- The RBA hiked its cash rate this week by 25bp vs 50 consensus - slower pace ahead expected
- Japan's PM Kishida verbal yen intervention - recent sharp, one-way moves are undesirable
- A heads up for data coming from China over the weekend - services PMI
- Deutsche Bank bump their rate hike forecasts from the BoE a little lower
- More on Goldman Sachs raising its oil price forecast - OPEC+ output cut 'very bullish'
- Nonfarm payroll (NFP) preview - Société Générale look for headline +280K
- Goldman Sachs are estimating +200K for the nonfarm payroll headline
- Reserve Bank of Australia says the risks to financial stability have increased globally
- FX option expiries for 07 October 2022 10am New York cut
- Crypto exchanges says "Your funds are safe. "
- More from Mester - The Federal Reserve will not be cutting rates at all in 2023
- USD/JPY not showing much response to the data, straddling 145
- Japan data - August Overall Household Spending +5.1% y/y (expected 6.7%)
- Japan data - August Labor Cash earnings 1.7% y/y (expected 2.5%)
- RBA Financial Stability Review is due soon - is likely to be scrutinized closely
- Fed's Mester: Right now the Fed needs to be focused on getting inflation down, not jobs
- Goldman Sachs likes a short NZD against CAD - likes CAD generally on crosses
- Waller (more) - The Fed needs to be aggressive to get inflation down to target
- More from Fed's Waller - chance of a soft landing falls the more aggressive Fed has to be
- Guggenheim’s Minerd says the Fed is going to keep raising rates until something breaks
- Trade ideas thread - Friday, 7 October 2022
- Fed's Waller wants continued rate hikes until meaningful, persistent progress on inflation
- Major US stock indices close lower for the 2nd consecutive day
- Forexlive Americas FX news wrap: USD moves higher ahead of the US job report
- US looking at OPEC options over oil cut: break up the cartel, WTO charges, asset seizure
Major FX rates traded in subdued ranges for the session here, waiting for the US nonfarm payroll report the excuse du jour.

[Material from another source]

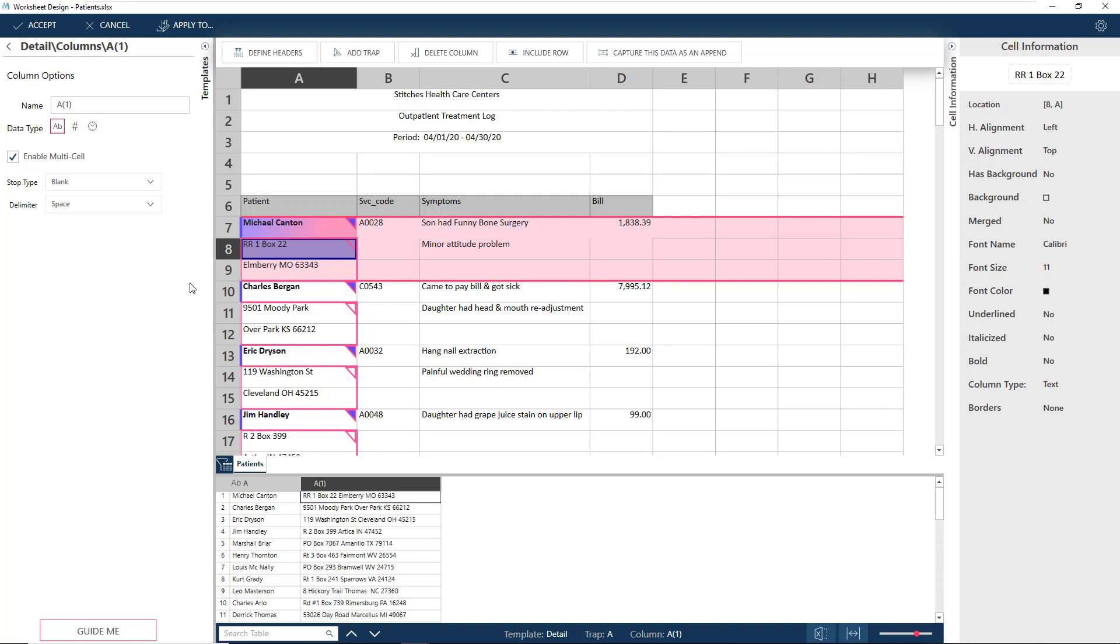Let's take a closer look at the properties that appeared. The stop type signifies the end of the multicell value. The default is a blank, which works for us because Monarch has detected that the next line is a new record, and hence the stop of the current multicell value.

Despite this there were three interesting points to come out of the session. Two of them were officials from the Federal Reserve speaking:
- Christopher Waller, a member of the Federal Reserve Board of Governors
- then Federal Reserve Bank of Cleveland branch President Loretta Mester
Both stuck to the mantra of further rate hikes to come from the Federal Open Market Committee (FOMC) without pause in order to bring the US inflation rate back towards its 2% target. Waller gave a nod to data-dependence while Mester was more assertive, going as far as ruling out any rate cuts right through 2023.
Also today we had yen intervention remarks from Japanese Prime Minister Kishida. USD/JPY was above 145 early in the session and spent much of it straddling the figure. Wheeling out the PM to comment on the currency is a step up from having the finance minister make statements. Kishida hit intervention warning words in his script, talking of:
- sharp moves
- one-sided yen moves
- speculative FX moves
These are clear warnings that actual yen-buying intervention is not too far away (see the post above for links to further information on what to watch for imminent yen buying by the Bank of Japan). Above 145.70 was the trigger for yen buying last time around, we are not too far from there. USD/JPY, like other major FX, has not had a wide range on the session, its currently just under 145.00 as I update.